Slashdot Mirror


WSJ Says Pro-ACTA Forces Helped Drive Anti-ACTA Reactions

pbahra writes with commentary from the Wall Street Journal: "Europeans will take to the streets this weekend in protest at the Anti-Counterfeiting Trade Agreement, an international agreement that has given birth to an ocean full of red herrings. That so many have spawned is, say critics, in no small part down to the way in which this most controversial of international agreements was drawn up. If the negotiating parties had set out to stoke the flames of Internet paranoia they could not have done a better job. Accepted there are two things that should never be seen being made in public—laws and sausages—the ACTA process could be a case study of how not to do it. Conducted in secret, with little information shared except a few leaked documents, the ACTA talks were even decried by those who were involved in them."

1 of 180 comments (clear)

  1. Re:From TFA by Anonymous Coward · · Score: 5, Informative

    FYI, the TFA is the Wall Street Journal, which is (now) owned by News Corp. You remember: Rupert Murdock's gang of yellow journalists, criminals and corrupt police officers.

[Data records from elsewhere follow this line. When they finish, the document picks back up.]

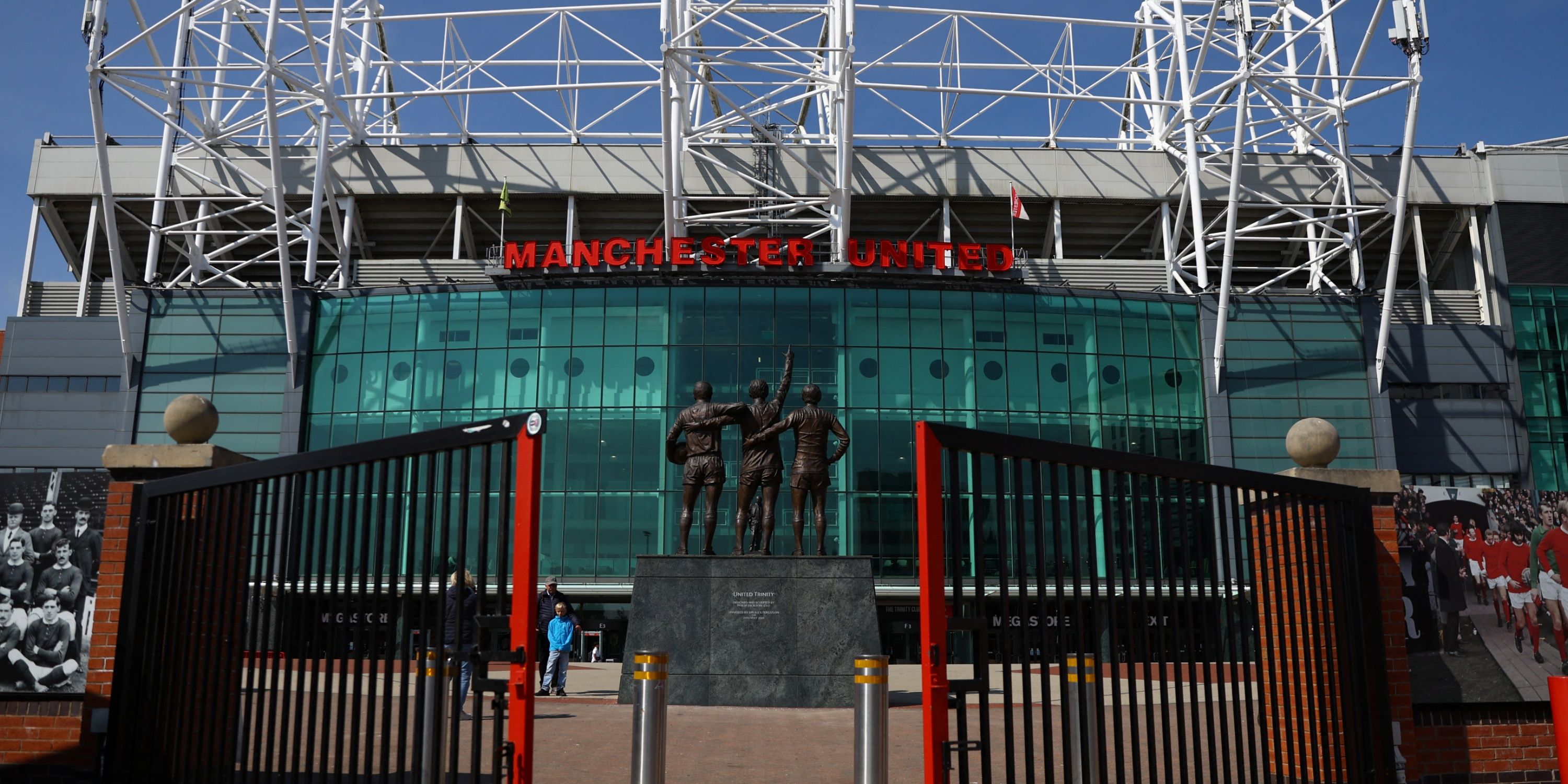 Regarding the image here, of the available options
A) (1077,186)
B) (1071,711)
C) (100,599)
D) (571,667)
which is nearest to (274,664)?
(100,599)

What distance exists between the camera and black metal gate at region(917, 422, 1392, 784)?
21.2ft

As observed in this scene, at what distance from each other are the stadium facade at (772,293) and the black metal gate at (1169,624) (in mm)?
24181

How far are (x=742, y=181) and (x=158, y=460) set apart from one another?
30.6m

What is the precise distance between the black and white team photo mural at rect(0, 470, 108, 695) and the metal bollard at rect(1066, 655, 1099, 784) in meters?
7.74

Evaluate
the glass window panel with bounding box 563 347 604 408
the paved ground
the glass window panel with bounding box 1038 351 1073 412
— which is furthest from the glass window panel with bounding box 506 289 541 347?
the paved ground

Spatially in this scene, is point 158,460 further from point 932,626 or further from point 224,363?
point 224,363

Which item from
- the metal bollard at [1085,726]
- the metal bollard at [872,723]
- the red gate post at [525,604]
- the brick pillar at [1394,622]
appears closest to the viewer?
the red gate post at [525,604]

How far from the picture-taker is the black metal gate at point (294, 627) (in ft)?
21.2

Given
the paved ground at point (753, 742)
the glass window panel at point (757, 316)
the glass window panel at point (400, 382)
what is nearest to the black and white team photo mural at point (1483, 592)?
the paved ground at point (753, 742)

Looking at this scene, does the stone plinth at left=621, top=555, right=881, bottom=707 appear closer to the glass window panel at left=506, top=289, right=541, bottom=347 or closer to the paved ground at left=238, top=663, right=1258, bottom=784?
the paved ground at left=238, top=663, right=1258, bottom=784

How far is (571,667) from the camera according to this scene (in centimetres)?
2708

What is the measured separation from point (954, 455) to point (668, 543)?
2671 centimetres

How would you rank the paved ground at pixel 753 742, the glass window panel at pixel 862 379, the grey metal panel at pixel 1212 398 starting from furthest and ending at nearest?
the grey metal panel at pixel 1212 398 < the glass window panel at pixel 862 379 < the paved ground at pixel 753 742

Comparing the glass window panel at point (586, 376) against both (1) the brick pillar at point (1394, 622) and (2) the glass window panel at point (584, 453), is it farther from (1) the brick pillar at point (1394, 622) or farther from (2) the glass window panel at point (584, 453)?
(1) the brick pillar at point (1394, 622) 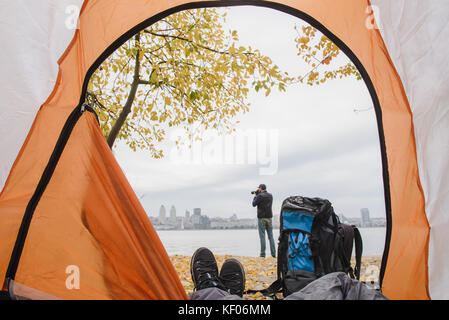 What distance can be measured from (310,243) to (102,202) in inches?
57.2

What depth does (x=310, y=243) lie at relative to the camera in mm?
2074

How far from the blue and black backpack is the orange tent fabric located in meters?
0.48

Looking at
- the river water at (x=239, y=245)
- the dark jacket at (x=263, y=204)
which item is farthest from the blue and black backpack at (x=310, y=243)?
the dark jacket at (x=263, y=204)

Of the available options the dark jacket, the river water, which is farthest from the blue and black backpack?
the dark jacket

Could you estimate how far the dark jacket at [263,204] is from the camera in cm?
486

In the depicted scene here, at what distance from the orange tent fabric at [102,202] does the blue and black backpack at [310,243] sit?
48cm

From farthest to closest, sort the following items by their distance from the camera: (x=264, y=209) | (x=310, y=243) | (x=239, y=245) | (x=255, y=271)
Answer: (x=239, y=245), (x=264, y=209), (x=255, y=271), (x=310, y=243)

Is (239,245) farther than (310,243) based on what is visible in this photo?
Yes

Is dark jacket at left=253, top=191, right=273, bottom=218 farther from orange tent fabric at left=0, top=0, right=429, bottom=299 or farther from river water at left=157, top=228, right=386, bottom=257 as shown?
orange tent fabric at left=0, top=0, right=429, bottom=299

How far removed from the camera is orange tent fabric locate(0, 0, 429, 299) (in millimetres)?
1375

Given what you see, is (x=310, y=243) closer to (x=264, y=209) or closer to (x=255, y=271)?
(x=255, y=271)

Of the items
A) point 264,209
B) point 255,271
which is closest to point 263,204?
point 264,209

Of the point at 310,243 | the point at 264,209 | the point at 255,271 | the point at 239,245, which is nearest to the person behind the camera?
the point at 310,243

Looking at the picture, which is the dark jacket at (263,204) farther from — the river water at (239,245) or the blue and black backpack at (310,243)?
the blue and black backpack at (310,243) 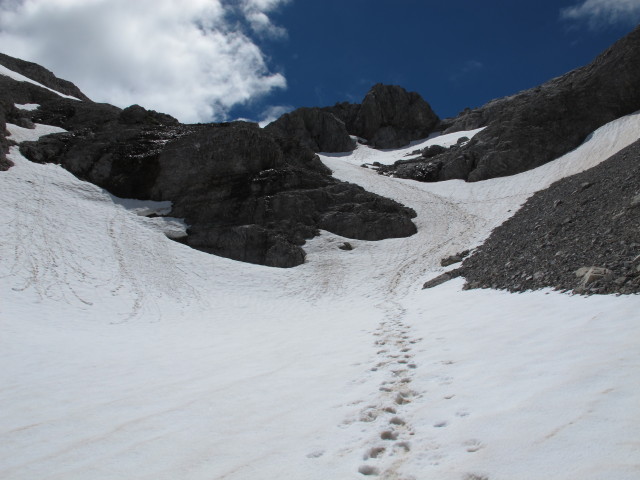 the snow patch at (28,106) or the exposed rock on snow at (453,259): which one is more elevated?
the snow patch at (28,106)

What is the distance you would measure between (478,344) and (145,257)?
19.5 metres

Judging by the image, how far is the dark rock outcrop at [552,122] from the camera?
37.9 meters

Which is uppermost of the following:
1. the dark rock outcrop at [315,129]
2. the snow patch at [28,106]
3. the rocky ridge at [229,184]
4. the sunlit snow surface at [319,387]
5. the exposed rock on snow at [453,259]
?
the dark rock outcrop at [315,129]

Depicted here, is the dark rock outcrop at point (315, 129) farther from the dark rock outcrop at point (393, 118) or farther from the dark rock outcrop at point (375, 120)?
the dark rock outcrop at point (393, 118)

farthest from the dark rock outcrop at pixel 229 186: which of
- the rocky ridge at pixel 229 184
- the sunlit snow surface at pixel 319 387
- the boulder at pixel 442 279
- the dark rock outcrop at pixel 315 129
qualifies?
the dark rock outcrop at pixel 315 129

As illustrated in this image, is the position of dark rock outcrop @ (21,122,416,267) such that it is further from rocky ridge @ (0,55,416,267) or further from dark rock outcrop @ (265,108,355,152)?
dark rock outcrop @ (265,108,355,152)

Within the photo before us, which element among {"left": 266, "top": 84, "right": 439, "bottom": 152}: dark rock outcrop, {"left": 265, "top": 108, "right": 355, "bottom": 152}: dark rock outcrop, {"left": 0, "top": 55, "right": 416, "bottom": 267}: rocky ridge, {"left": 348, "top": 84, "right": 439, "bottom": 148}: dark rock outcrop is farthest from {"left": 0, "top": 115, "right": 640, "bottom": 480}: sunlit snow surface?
{"left": 348, "top": 84, "right": 439, "bottom": 148}: dark rock outcrop

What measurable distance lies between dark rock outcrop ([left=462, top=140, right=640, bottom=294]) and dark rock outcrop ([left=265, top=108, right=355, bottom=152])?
55.0m

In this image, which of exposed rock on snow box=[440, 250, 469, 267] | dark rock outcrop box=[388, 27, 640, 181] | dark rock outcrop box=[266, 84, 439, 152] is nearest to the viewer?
exposed rock on snow box=[440, 250, 469, 267]

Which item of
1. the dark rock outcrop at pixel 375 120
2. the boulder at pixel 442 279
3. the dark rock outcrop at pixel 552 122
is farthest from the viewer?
the dark rock outcrop at pixel 375 120

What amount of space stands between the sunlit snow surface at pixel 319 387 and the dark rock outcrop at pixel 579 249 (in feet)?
2.16

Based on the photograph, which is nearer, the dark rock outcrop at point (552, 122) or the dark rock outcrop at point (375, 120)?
the dark rock outcrop at point (552, 122)

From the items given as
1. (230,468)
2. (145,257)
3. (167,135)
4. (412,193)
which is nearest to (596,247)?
(230,468)

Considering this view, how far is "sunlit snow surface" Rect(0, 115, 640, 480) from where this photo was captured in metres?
3.27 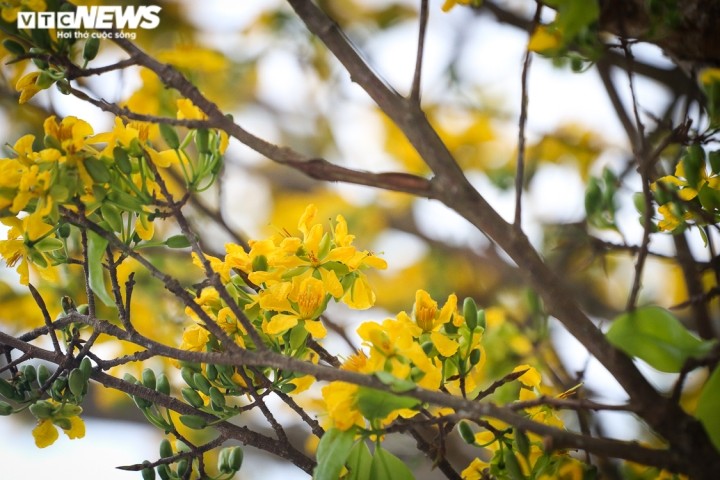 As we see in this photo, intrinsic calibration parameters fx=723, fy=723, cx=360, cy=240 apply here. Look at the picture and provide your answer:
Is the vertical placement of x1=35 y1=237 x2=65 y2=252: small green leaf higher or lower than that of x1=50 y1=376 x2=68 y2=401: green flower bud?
higher

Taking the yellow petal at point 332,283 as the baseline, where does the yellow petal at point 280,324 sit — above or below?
below

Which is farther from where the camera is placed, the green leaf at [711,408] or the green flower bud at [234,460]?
the green flower bud at [234,460]

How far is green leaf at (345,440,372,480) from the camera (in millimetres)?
428

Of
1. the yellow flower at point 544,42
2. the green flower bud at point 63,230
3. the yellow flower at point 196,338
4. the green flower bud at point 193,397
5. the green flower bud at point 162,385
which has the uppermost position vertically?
the yellow flower at point 544,42

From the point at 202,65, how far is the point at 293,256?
53 centimetres

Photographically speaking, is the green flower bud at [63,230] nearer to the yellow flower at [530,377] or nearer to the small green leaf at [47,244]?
the small green leaf at [47,244]

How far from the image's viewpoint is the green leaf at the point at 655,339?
1.26 ft

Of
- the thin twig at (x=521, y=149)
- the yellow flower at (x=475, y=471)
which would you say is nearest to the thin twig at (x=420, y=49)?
the thin twig at (x=521, y=149)

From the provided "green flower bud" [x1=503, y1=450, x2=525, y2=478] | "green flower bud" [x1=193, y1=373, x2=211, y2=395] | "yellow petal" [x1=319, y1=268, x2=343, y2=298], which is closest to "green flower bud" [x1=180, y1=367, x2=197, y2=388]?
"green flower bud" [x1=193, y1=373, x2=211, y2=395]

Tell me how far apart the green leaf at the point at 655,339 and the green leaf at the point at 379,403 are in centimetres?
12

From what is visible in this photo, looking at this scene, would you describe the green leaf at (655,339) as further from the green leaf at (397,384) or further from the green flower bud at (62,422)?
the green flower bud at (62,422)

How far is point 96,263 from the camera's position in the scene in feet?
1.49

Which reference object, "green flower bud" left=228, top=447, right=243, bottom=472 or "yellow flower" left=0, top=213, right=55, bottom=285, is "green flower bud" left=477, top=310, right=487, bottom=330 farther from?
"yellow flower" left=0, top=213, right=55, bottom=285

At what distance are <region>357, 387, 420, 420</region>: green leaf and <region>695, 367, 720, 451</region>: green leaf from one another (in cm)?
15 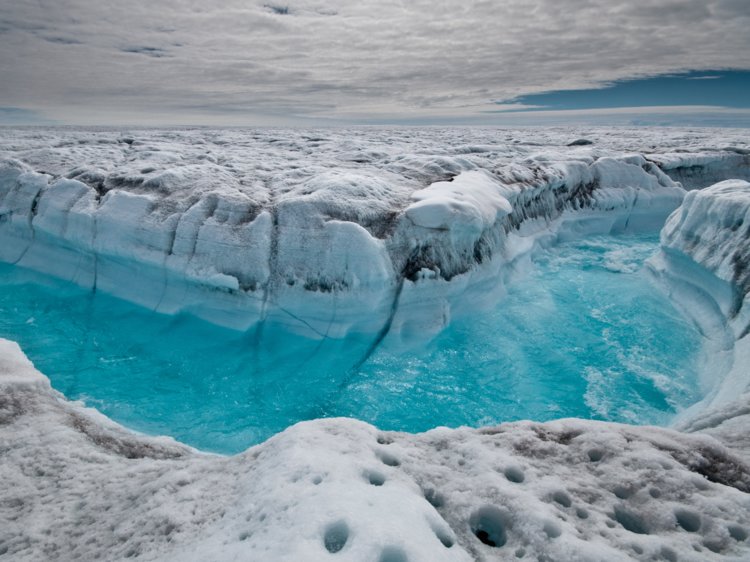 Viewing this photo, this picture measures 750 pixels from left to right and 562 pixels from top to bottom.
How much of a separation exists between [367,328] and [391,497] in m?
5.53

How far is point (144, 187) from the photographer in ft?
33.2

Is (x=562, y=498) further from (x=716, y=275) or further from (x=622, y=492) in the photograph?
(x=716, y=275)

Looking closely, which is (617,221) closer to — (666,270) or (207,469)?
(666,270)

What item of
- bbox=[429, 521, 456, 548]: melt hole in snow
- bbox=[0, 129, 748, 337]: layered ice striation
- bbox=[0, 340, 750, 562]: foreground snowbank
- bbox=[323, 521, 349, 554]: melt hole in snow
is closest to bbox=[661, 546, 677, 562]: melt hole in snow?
bbox=[0, 340, 750, 562]: foreground snowbank

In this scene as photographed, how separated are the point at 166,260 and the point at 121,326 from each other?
5.01ft

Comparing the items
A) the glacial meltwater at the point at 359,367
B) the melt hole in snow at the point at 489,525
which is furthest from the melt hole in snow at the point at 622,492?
the glacial meltwater at the point at 359,367

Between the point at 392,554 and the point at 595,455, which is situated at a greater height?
the point at 392,554

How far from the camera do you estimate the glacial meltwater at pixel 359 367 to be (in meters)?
6.24

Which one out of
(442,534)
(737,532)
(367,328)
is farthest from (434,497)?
(367,328)

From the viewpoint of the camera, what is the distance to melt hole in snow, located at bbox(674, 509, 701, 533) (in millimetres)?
2402

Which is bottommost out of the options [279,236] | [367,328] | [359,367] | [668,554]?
[359,367]

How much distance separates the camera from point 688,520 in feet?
7.97

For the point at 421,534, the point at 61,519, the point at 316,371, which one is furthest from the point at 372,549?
the point at 316,371

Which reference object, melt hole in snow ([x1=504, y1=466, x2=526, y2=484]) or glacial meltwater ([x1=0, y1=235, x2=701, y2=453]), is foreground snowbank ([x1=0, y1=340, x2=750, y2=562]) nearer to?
melt hole in snow ([x1=504, y1=466, x2=526, y2=484])
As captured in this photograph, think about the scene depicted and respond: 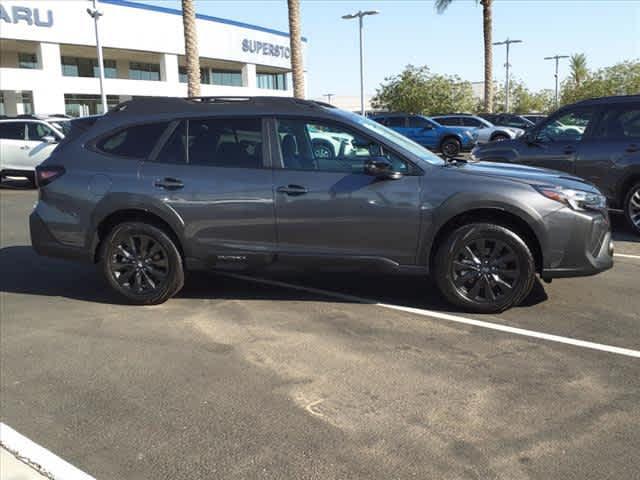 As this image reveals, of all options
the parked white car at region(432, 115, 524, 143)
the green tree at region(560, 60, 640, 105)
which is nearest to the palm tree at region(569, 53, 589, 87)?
the green tree at region(560, 60, 640, 105)

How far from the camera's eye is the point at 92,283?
6609mm

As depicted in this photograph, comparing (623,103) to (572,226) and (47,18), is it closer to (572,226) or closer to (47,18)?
(572,226)

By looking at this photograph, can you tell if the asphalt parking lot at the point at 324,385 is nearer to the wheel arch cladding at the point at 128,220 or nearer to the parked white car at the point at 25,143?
the wheel arch cladding at the point at 128,220

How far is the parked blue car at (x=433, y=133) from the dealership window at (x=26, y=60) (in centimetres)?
2698

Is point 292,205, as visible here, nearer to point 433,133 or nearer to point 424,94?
point 433,133

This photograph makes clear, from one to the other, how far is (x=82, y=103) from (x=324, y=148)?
39.6m

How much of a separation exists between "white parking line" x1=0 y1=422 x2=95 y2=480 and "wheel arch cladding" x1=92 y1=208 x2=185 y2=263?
8.07 ft

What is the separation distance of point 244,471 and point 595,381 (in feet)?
A: 7.40

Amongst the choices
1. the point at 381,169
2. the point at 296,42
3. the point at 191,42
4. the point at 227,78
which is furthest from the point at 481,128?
the point at 227,78

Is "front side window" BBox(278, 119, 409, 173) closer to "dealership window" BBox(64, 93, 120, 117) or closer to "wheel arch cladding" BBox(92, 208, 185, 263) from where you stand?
"wheel arch cladding" BBox(92, 208, 185, 263)

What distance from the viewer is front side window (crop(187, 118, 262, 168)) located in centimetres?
550

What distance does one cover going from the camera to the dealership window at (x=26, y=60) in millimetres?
40344

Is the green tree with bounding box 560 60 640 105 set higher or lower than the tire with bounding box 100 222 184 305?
higher

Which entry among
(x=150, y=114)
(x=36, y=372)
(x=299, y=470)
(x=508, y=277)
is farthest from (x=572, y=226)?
(x=36, y=372) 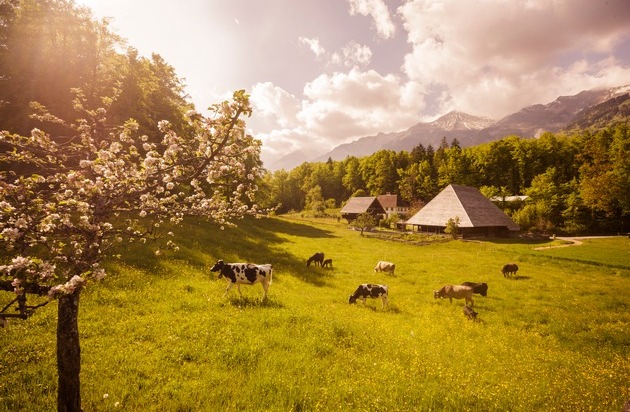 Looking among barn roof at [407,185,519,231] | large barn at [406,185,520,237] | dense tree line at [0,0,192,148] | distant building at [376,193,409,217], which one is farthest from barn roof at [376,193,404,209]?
dense tree line at [0,0,192,148]

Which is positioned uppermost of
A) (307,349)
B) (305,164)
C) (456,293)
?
(305,164)

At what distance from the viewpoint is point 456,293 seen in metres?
18.2

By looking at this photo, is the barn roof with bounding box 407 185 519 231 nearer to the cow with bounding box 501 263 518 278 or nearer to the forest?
the forest

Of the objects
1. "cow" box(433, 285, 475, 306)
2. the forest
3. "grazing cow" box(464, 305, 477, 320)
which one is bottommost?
"grazing cow" box(464, 305, 477, 320)

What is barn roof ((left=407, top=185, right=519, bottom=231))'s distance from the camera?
5647 cm

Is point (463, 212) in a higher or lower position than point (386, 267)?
higher

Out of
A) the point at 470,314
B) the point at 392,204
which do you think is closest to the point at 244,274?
the point at 470,314

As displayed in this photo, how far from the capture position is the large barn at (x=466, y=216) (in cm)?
5625

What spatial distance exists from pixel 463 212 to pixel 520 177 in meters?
61.3

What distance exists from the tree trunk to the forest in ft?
12.2

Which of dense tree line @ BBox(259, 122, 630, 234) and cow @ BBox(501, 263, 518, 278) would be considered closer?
cow @ BBox(501, 263, 518, 278)

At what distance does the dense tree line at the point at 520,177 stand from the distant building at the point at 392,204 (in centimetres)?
411

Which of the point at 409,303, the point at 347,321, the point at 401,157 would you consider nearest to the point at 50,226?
the point at 347,321

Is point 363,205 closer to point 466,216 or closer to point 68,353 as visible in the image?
point 466,216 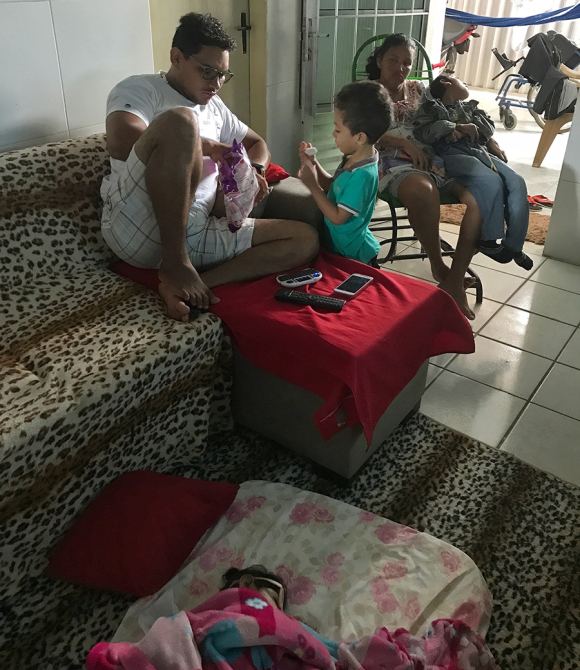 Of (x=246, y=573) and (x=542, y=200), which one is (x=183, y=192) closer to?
(x=246, y=573)

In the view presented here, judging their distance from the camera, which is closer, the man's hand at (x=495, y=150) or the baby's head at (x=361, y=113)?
the baby's head at (x=361, y=113)

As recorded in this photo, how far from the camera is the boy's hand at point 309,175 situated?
2053mm

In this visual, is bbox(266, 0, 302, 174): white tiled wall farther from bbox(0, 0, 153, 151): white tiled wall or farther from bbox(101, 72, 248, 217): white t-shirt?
bbox(101, 72, 248, 217): white t-shirt

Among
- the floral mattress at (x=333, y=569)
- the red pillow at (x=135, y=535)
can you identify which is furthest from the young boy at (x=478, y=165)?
the red pillow at (x=135, y=535)

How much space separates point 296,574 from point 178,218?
3.41 feet

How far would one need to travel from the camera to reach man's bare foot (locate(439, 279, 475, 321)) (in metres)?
2.63

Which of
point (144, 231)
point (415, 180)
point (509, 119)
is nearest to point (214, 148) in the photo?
point (144, 231)

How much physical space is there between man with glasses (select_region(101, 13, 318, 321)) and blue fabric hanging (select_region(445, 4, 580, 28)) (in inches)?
181

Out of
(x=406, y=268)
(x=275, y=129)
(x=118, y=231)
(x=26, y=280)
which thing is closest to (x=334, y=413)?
(x=118, y=231)

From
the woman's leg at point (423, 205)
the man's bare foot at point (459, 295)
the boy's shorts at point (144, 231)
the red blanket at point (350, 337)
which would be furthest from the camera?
the man's bare foot at point (459, 295)

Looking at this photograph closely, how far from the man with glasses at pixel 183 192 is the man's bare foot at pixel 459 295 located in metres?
0.85

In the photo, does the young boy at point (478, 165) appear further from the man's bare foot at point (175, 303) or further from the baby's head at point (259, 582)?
the baby's head at point (259, 582)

    The article basically bashes anything anti-ACTA while trying to sound neutral. For example, it quotes 2 scholars who say that ACTA is a good thing, while admitting that their some paranoia out their about ACTA.

    The whole article basically starts off with the premise that "copyright" is real property and that copying real property is "theft":

    If you say copying other people's copyright is an OK thing to do, then you are saying that theft is OK. Everyone is very keen on sharing until it is their stuff that is being shared.

    It's a VERY one sided article that sounds like it was sponsored and supervised by Rupert Murdock himself.